El amor vuelve zafios a los de finos y atentos modales, de conversación hábil y mirada escrutadora; mentecatos a los inteligentes, esos que siempre están esperando el mejor momento para hacer reír a los demás; débiles a los de voluntad férrea, los llamados duros, y previsibles a los indomeñables. No es difícil adivinar en aquel individuo los estragos del amor. Se distrae fácilmente, todo parece haber pasado a segundo plano. Lo que antes atraía poderosamente su atención, ahora lo deja indiferente. Está enamorado y las cosas a partir de ahí adquieren otra dimensión –para él, la verdadera.

Lo que se torna difícil de creer es el hombre que por el amor pierde su voluntad. Ese individuo ha mutado determinación por enmudecimiento, bríos por docilidad. Come de la mano de su amada, y todo en torno pasa a segundo plano. ¿Dónde habrá quedado aquel hombre que asumía la vida con dignidad y pundonor?, habrá quien se lo pregunte. Y si lo mira más a fondo, verá en sus ojos que aquel brillo de ingenio y arrojo ha desaparecido. En cambio es posible descubrir cierta melancolía, cierta nostalgia. Una especie de brillo en proceso de extinción, porque algo en el fondo le dice que todo va a acabar yéndose por el caño. Que la vida, el destino, Dios, el azar, o como se quiera, le ha permitido asomarse al precipicio donde las cosas cambian de nombre, pero que no está en su mano perpetuarlo. Tal vez sea este convencimiento lo que provoca ese estado de levitación. Si tuviera la seguridad de que habría de ser para toda la vida, viviría en un estado de sobreexcitación continua. Pagado de sí al cien por ciento. Simple y llanamente, estaría aniquilado. Como vaca que será ejecutada en el rastro.

Sólo se valora el estado de libertad cuando el amor se ha extinguido. Primero sobreviene el desconcierto. Aquel hombre anda como desorientado. Como si de pronto perdiese la noción de los puntos cardinales. O la noción del bien y del mal. Sabe que las cosas no son lo que aparentan. Él viene de una situación extrema. Se ha jugado algo cuando cruzó ese campo minado. Pudo haber volado en pedazos. Se salvó porque su instinto de sobrevivencia le susurraba al oído dónde podía pisar y dónde no.
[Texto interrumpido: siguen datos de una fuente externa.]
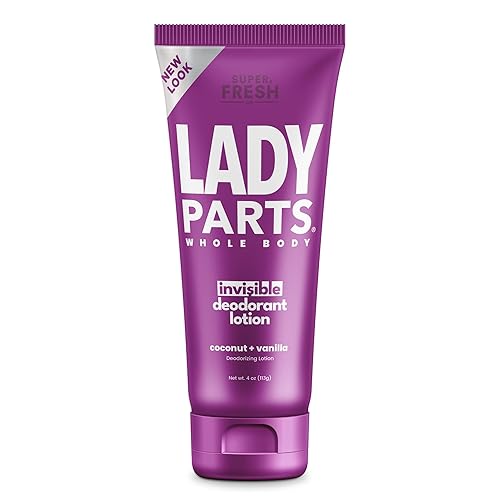 Loción desodorante Super Fresh Lady Parts Clear protección para los senos, las partes íntimas, la entrepierna y la parte interior del muslo,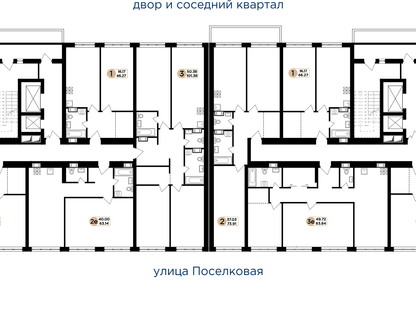 1-к. квартира, 63&nbsp;м²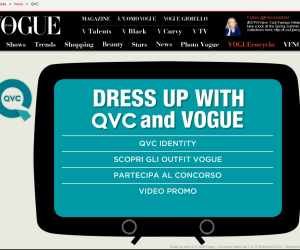 DRESS UP WITH QVC AND VOGUE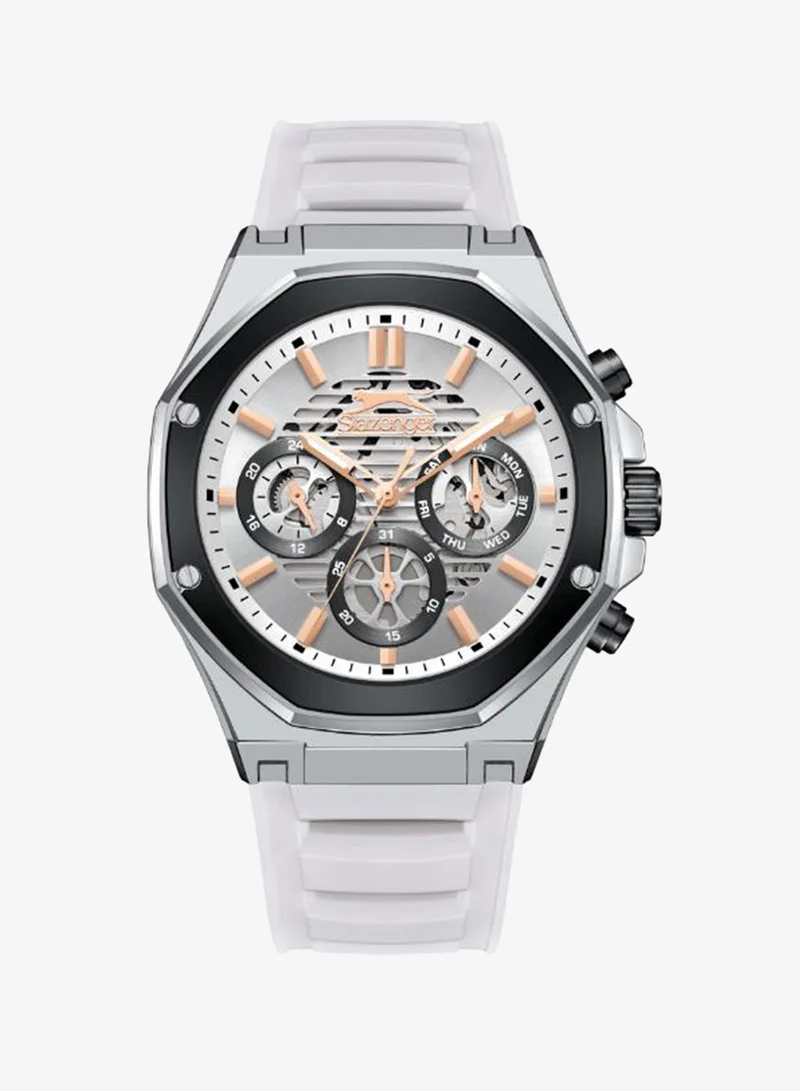 Slazenger Men's Silicone Multi Function Watch SL.9.2390.2.05 - 44 mm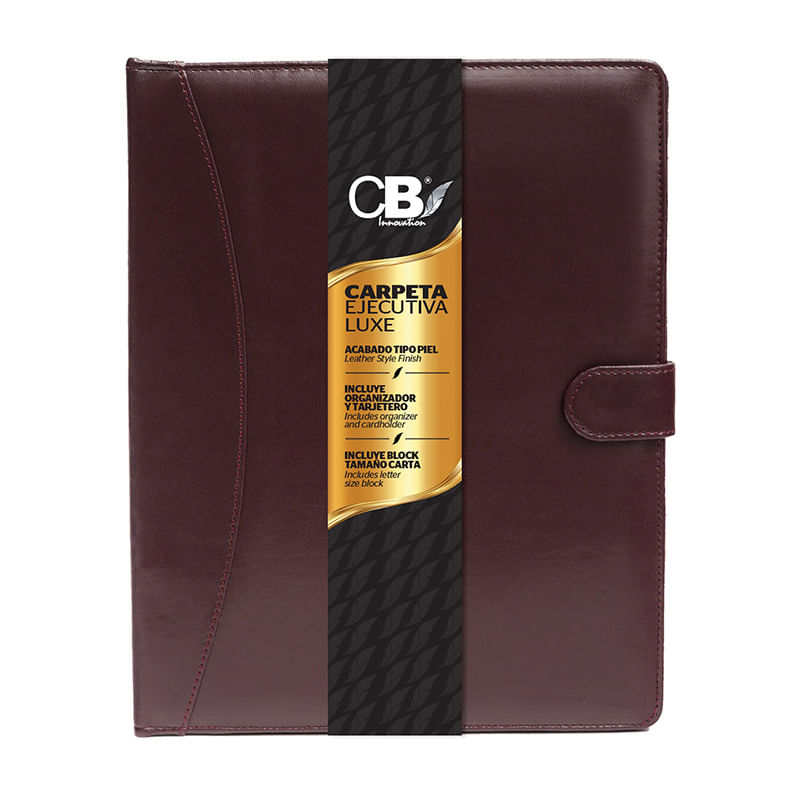 CARPETA EJECUTIVA CARTA CON BROCHE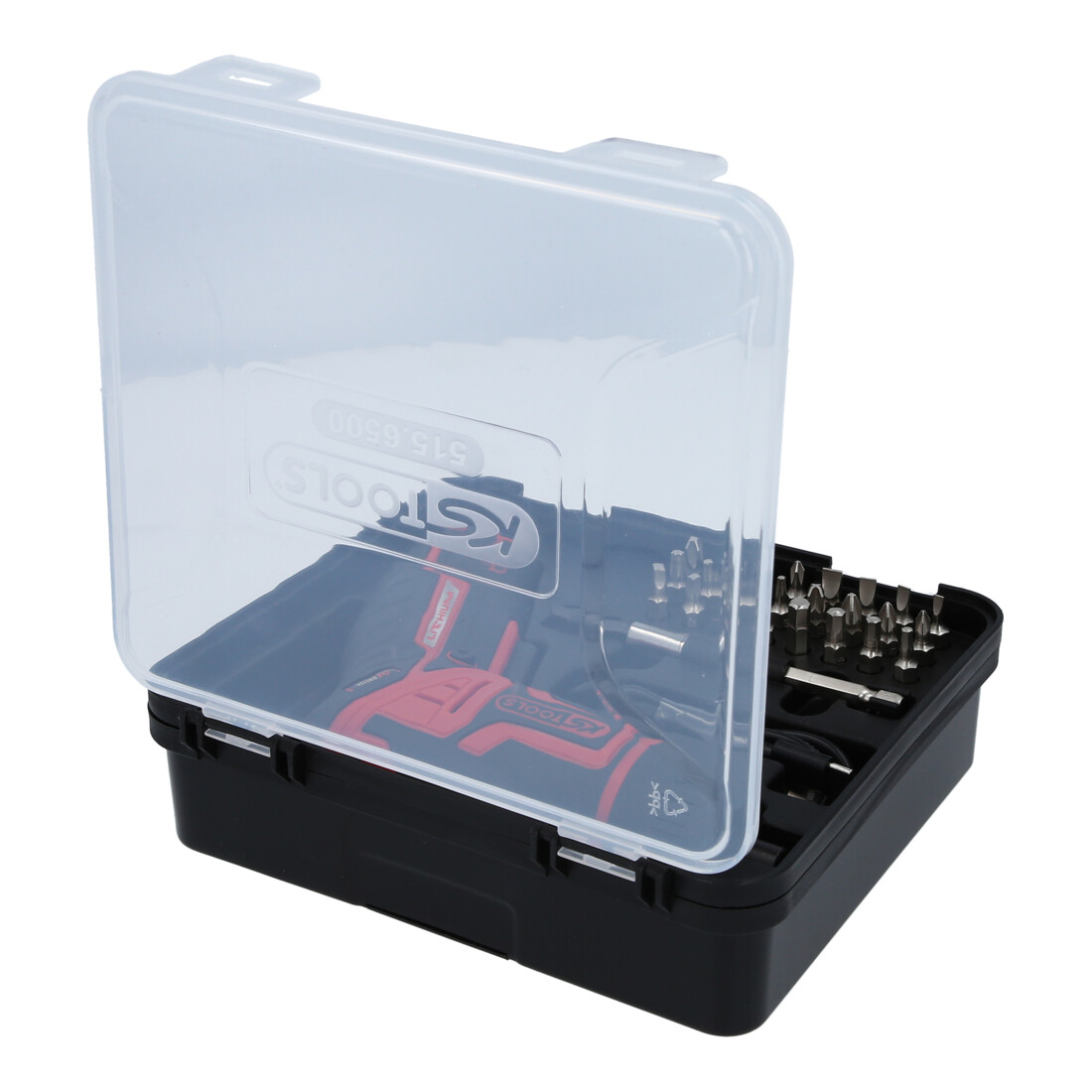 KS Tools eMONSTER 1/4" Akku-Bit-Schrauber-Satz, 27-tlg.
En esa situación que vivió midió sus alcances respecto de la estulticia que lo habita. No salió fortalecido sino mal librado, y lo sabe. Y ya está esperando volver a atravesar el mismo tramo. Excepto si la libertad que ahora es suya se convierte en un acicate y no en un estancamiento.

La mediocridad va de la mano del enamoramiento. Porque el enamoramiento comprende cierto optimismo, cierta complacencia que termina por traducirse en una sonrisa de oreja a oreja. Ese hombre es fácil blanco de la comodidad. Tan fácil que es vivir. Tan agradable que resulta despertarse cada mañana pensando en qué momento habrá de toparse con la persona amada. Todo lo demás deja de tener relevancia. Trabajo, proyectos, planes, qué importancia pueden tener al lado de que tendrá aquellas manos entre las suyas, aquellos ojos a su disposición. Aquel perfume… Aquella caricia…

Todo mundo está en su derecho de trinchar el trozo de amor que le corresponde. Aunque cada quien quiere la rebanada más grande. Se lo merece. Porque el lado bueno del amor es compartible. Aquél que lo vive se ha puesto la armadura del caballero. Nada le puede pasar si el amor lo ha hecho suyo. Piensa.